Source material:
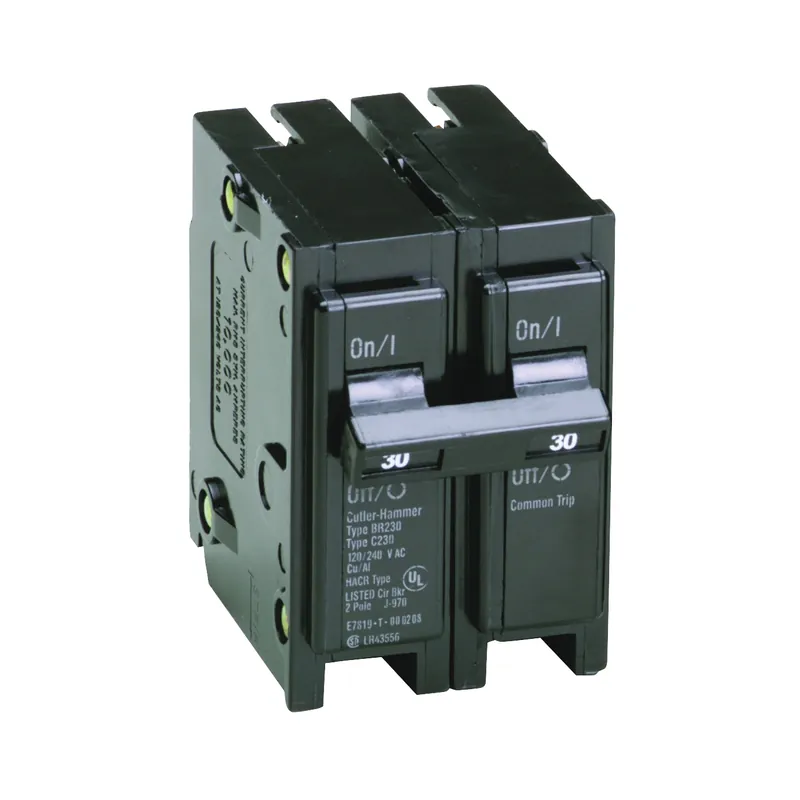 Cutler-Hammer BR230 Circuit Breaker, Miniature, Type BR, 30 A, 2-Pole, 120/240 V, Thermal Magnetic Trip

==

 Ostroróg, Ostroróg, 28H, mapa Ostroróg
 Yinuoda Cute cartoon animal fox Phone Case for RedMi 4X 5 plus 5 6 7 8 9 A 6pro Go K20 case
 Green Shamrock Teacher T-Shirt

Task instructions:
Looking at the data above, return every line from the one with "Yinuoda Cute cartoon" down to the one with "Green Shamrock Teacher T-Shirt", exactly and inclusively.

Response to the exercise:
 Yinuoda Cute cartoon animal fox Phone Case for RedMi 4X 5 plus 5 6 7 8 9 A 6pro Go K20 case
 Green Shamrock Teacher T-Shirt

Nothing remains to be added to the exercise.